ACTIVITY: Would you copy exactly the lines in the data below from the one that has "Appartements Mia Apartment 1 foto 4" through the one that has "3,3′′′-Dihexyl", dropping any pictures?

ENTRIES SUPPLIED:
============================================================

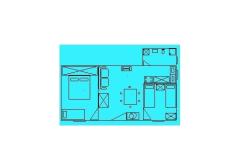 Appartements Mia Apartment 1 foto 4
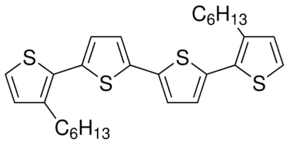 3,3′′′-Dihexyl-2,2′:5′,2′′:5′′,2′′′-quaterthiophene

============================================================

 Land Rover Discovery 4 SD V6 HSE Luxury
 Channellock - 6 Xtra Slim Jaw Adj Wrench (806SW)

============================================================

EXERCISE ANSWER:
 Appartements Mia Apartment 1 foto 4
 3,3′′′-Dihexyl-2,2′:5′,2′′:5′′,2′′′-quaterthiophene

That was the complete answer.